Devaluation - Depreciation under a regime of fixed exchange rates.

Devalue - To lower the par or fixed value of a managed exchange rate. The action makes exports cheaper and imports dearer.

Developed countries - The higher-income countries of the world, including the United States, Canada, most of Western Europe, Japan, Australia, and South Africa.

Developing countries - The lower-income countries of the world, most of which are in Africa, Asia, and Latin America. Also called underdeveloped countries, less developed countries (LDC).

Development (accounting) - The changing of new ideas into commercial  propositions.

Development (economics) - A process to improve the lives of all people in a country. This involves not only raising living standards i.e. goods and services but the promotion of self esteem, dignity and respect, and the enlarging of peoples freedom to choose and to take control of their own lives.

Development areas - Regions with high unemployment which qualify for government help aimed at attracting business. .

Devolution -  This is used to refer to when authority is delegated from a higher to a lower level.

Devolve - This is the act of passing on or delegating to another person or entity, e.g. a more junior level of management.

Differentiated product - A group of products that are simlar enough to be called the same product but dissimilar enough so that all of them do not have to be sold at the same price.

Dilution - The reduction, weakening, or decrease in a item. For example, share values are diluted with the issue of more common shares.

Diminishing marginal product- The property whereby the marginal product of an input declines as the quantity of the input increases.

Diminishing marginal rate of substitution - The hypothesis that the marginal rate of substitution changes systematically as the amounts of two products being consumed vary.

Diminishing marginal utility – 1. as more units of a good are consumed, additional units will provide less additional satisfaction than previous units. Or 2. where each additional dollar of income  earned yield s less additional utility. -  The principle of diminishing marginal utility. The more of a product a person consumes over a given period of time, the less will be the additional utility gained from one more unit.

Diminishing returns - The eventual decline in output each extra worker adds to total output when the opportunity to specialise is used up.

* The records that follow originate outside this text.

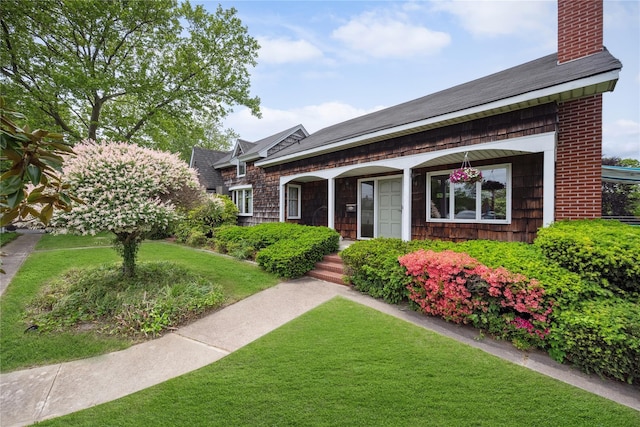 9 Lakeland Ave, Patchogue, NY 11772 - view of front facade featuring a chimney, a front yard, covered porch, and roof with shingles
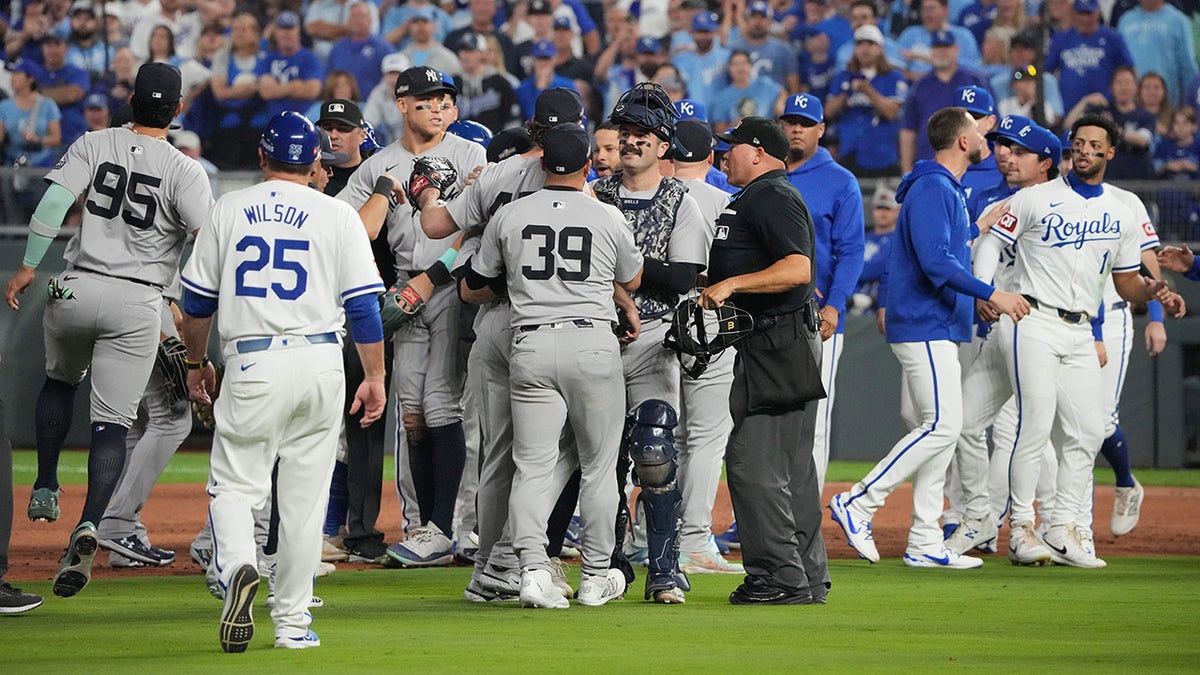 Benches wide   betwixt  Yankees and Royals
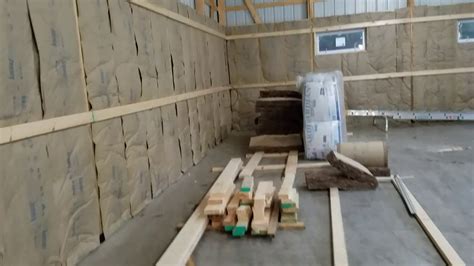 One could use foam board, fiberglass or spray foam. Pole Barn part 14: Lower insulation and framing almost ...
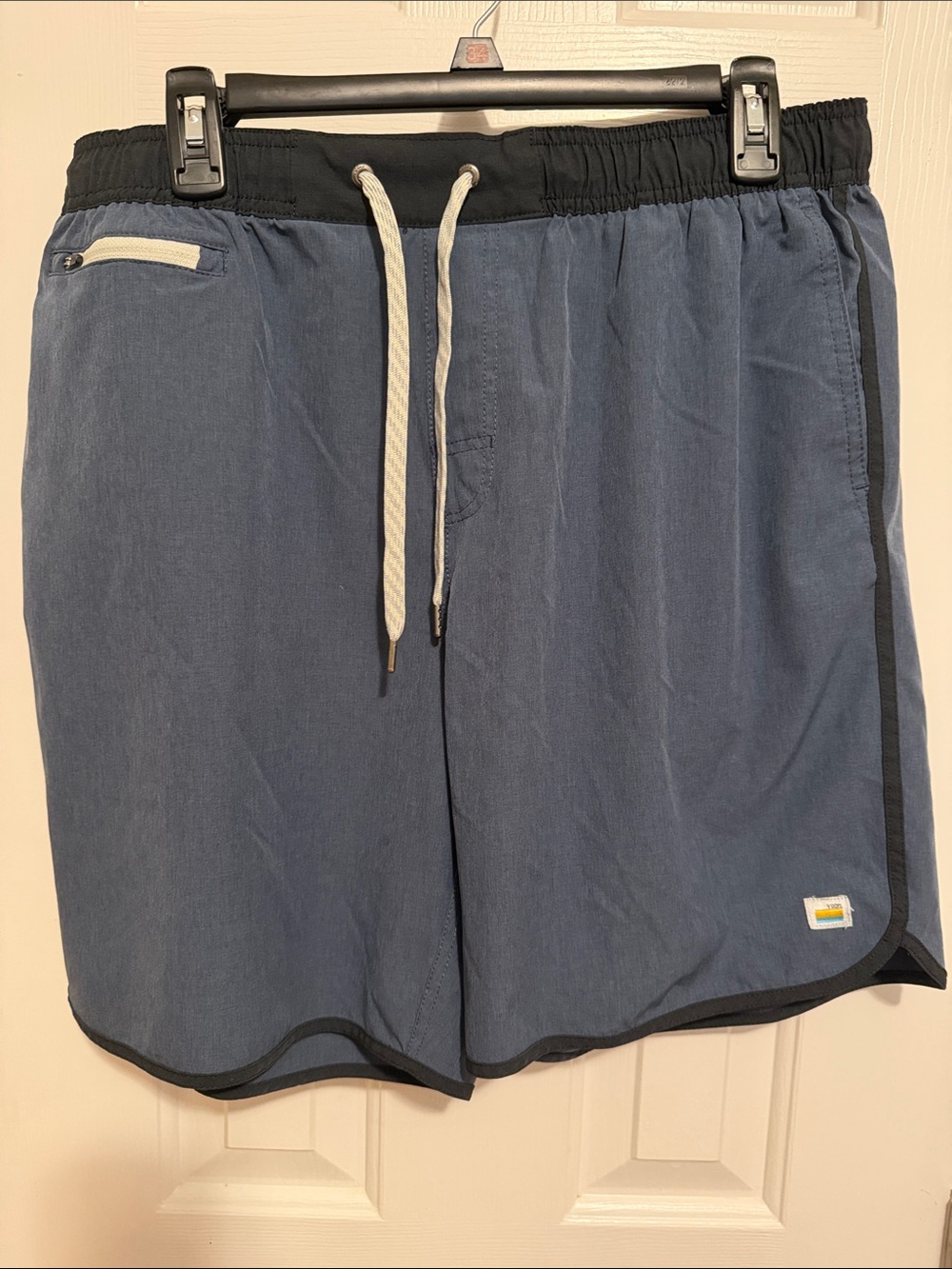 Vuori Navy Athletic Shorts with Black Waistband and Cream Drawstring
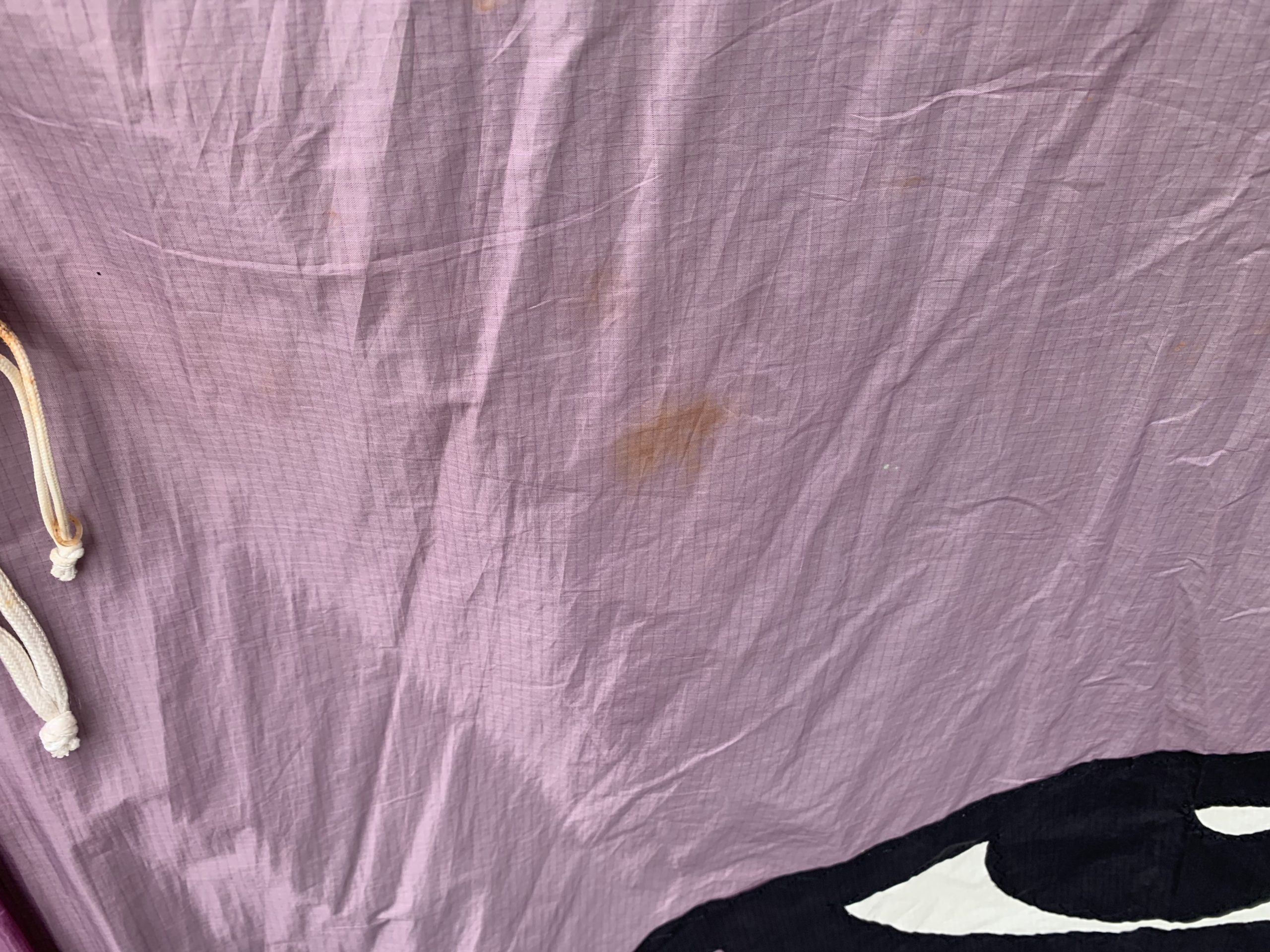 dirt stain on purple cloth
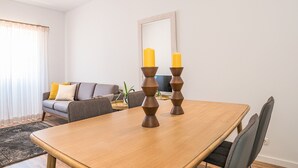 A dining area with a wooden table, two candles, and a grey sofa with yellow cushions. - Binge Green Apartment, Wifi, AC (Faro)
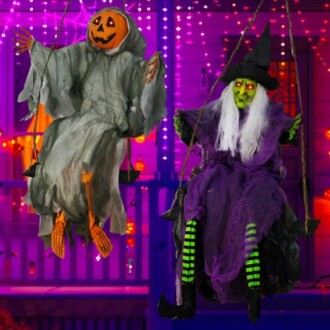 Halloween decorations: pumpkin-headed figure and witch on swings.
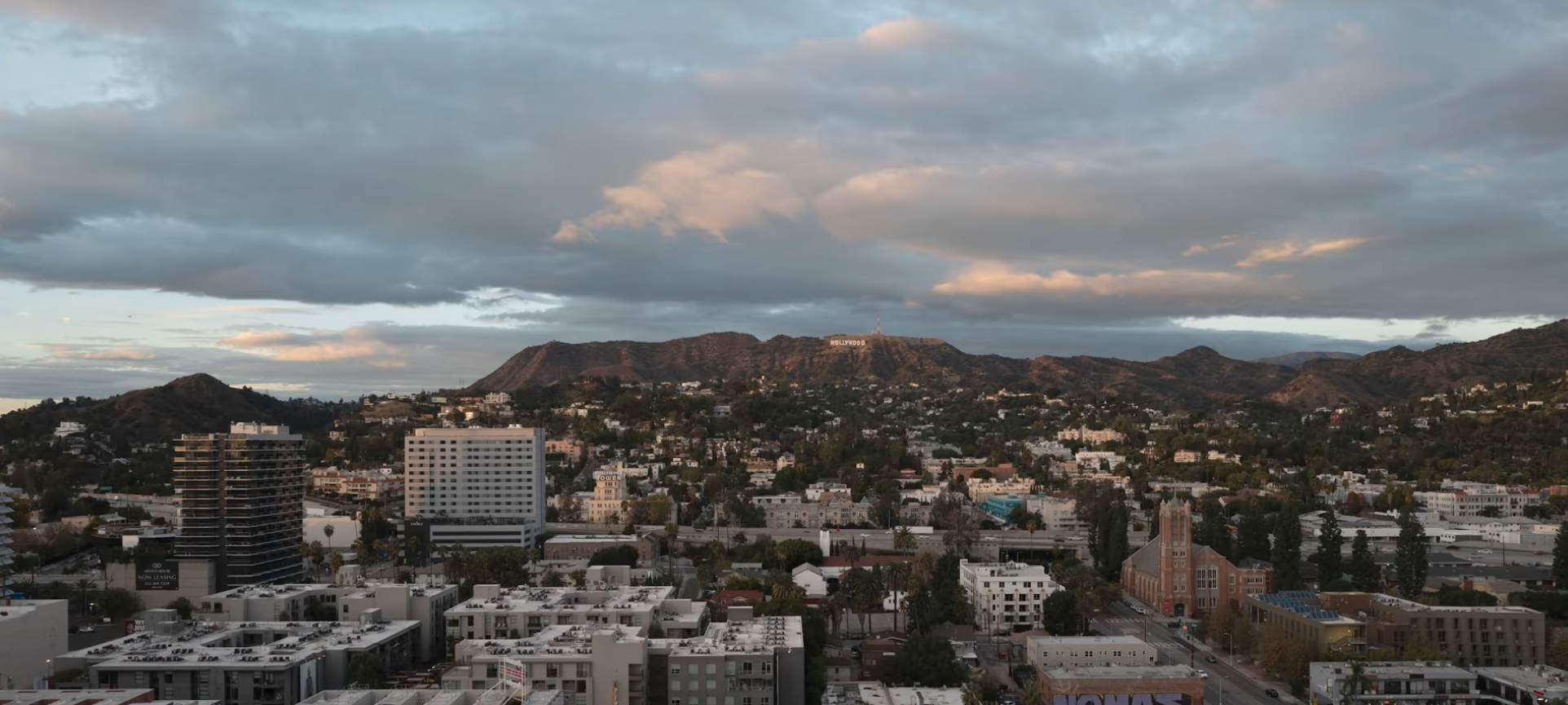 RAW, unedited photo of the Hollywood Sign small on the hillside, flat evening light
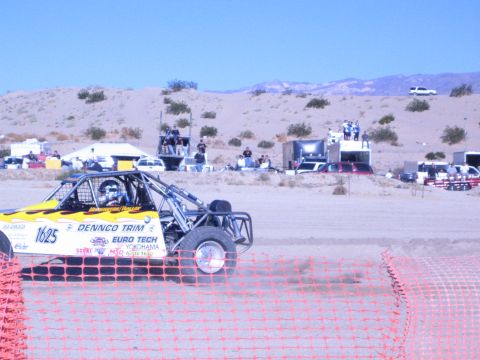 1990 Ford Bronco - yellow Dennco Trim buggy numbered 1625 runs a sandy desert course past orange fencing as spectators watch from platforms.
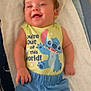 baby, child, smiling, happy, curly_hair, cartoon_character, clothing, blue_shorts, yellow_shirt, text_on_clothing, blanket, lying_down, indoor, cute, infant, person, portrait, soft_lighting, toddler, cozy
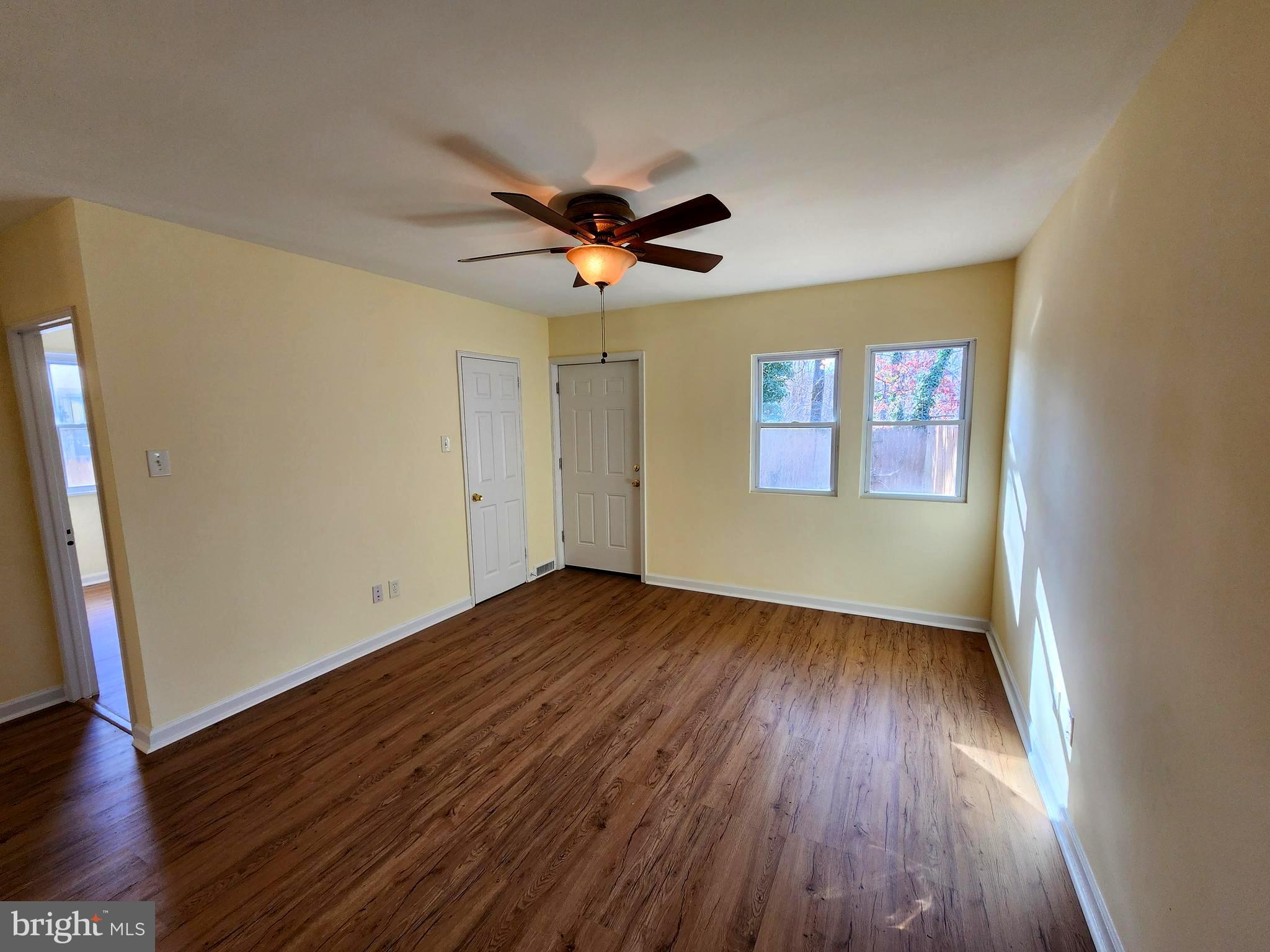 7533 Greenleaf Road Landover, MD 20785 - Photo 11 of 36 an empty room with wooden floor chandelier fan and windows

Direct allocation method - Method allocating costs of each service department directly to production departments; also called direct method. Under this method, no consideration is given to services performed by one service department for another.

Direct burden - Amount of money for a tax that is collected from taxpayers.

Direct  cost or prime cost - A cost which can be clearly identified with a particular unit of output.

Direct expense - That part or percentage of  an expense that was directly spent in the provision of a product/service for its sale. It is part of cost of goods sold, e.g.  direct labour or direct materials.

Direct investment -  In balance of payments accounting, nonresident investment in the form of a takeover or capital investment in a domestic branch plant or subsidiary company in which the investor has voting control.

Direct labour -  Work directly involved in making the product. Examples of direct labour costs are the wages of assembly workers on an assembly line and the wages of a machine tool operator in a machine shop. Direct labour is an inventoriable cost.

Direct labour variance - Refers to the difference between the 'standard rate' and 'actual rate' for the actual labour hours worked.  It is given by the following equation [(standard rate - actual rate) X actual hours].

Direct marketing - A method of distributing products directly to consumers, without the use of intermediaries such as wholesalers and retailers.

Direct material - The cost of raw materials and other components that can be identified with individual units of production or a responsibility centre.

Direct materials variances - Refers to the difference between the actual costs of materials and the standard costs of materials.

Directors - People elected by shareholders to run companies.

Director’s report - Financial report prepared for company directors. The report is typically prepared on a quarterly and annual basis. It includes detailed items such as the accountant's financial analyses and management recommendations.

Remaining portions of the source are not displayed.